Subject: Re: [htdig] A language issue.. Could you give me a favor?
From: Oskar Bartenstein (firstname.lastname@example.org)
Date: Wed Mar 22 2000 - 16:38:12 PST
Hi internationals, nationals and locals:
There is 4 seperate issues:
- languages (english, mandarin, cantonese)
- fonts for presentation (armanis *.ttf files)
- character encodings (e.g. EUC, Big-5...)
- algorithms of htdig
Now ignoring all presentation issues (fonts, output html tags etc),
and ignoring the language issues (fuzzy search, bad words lists)
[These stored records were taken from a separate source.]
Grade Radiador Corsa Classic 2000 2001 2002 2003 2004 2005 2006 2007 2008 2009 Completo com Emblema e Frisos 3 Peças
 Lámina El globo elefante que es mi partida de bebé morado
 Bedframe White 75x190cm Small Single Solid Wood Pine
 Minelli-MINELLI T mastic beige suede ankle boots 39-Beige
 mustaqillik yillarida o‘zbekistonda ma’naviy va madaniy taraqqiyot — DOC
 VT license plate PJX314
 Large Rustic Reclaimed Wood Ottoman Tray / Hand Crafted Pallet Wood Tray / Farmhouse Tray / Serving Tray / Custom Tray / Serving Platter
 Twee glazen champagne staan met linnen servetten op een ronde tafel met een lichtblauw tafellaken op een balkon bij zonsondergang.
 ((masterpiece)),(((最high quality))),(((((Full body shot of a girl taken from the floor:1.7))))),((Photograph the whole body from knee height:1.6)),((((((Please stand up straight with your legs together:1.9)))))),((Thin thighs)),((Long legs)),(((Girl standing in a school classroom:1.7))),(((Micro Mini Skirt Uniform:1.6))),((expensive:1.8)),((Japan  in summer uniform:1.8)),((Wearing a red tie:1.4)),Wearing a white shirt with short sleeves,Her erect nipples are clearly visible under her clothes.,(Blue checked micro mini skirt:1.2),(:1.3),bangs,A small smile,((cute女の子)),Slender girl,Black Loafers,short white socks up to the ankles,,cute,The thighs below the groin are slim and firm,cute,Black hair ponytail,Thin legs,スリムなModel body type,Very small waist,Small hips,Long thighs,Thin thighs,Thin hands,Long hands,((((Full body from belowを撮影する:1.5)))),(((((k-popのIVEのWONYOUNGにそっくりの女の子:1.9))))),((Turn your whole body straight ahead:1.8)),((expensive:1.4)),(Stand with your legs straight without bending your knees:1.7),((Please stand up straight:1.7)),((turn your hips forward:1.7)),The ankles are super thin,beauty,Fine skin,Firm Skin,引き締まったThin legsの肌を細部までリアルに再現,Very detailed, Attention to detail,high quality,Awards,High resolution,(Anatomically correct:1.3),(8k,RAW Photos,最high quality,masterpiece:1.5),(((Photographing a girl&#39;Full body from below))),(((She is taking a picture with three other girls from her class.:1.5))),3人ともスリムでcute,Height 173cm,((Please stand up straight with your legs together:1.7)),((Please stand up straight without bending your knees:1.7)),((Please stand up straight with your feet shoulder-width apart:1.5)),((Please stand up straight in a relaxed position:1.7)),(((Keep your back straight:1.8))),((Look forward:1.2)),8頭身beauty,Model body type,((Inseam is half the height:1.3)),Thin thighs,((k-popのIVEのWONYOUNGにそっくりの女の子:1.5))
and ignoring browser issues (how to understand a keyword that the
browser sent), leaves the character encoding.
A correct HTML page includes info about its encoding, therefore
htdig on the receiving end can convert it to any code it likes.
If htdig uses a character encoding like EUC that is context
independent and coexists with seven-bit single-byte characters,
what actually prevents htdig from doing its thing?
Boils down to 2 questions (sorry I never looked at the source code):
- is htdig 8-bit clean?
- is htdig words and dictionaries sequences of bytes?
If both is yes, then I would guess the core is ok,
and we only have to look at how to use it properly.
Hope I did not overlook a parsing issue.
Wed, 22 Mar 2000 09:06:16 -0600 Geoff Hutchison
> At 6:48 AM +0800 3/22/00, armani wrote:
> >After I build htdig this search engines, it will work fastly on my
> >web server except Chinese words.
> The problem is that Chinese words (and many other languages) use
> multi-byte characters. Currently, ht://Dig does not support
> multi-byte characters, so it cannot be used to index Chinese.
-- Dr. Oskar Bartenstein email@example.com IF Computer Japan www.ifcomputer.com
------------------------------------ To unsubscribe from the htdig mailing list, send a message to firstname.lastname@example.org You will receive a message to confirm this.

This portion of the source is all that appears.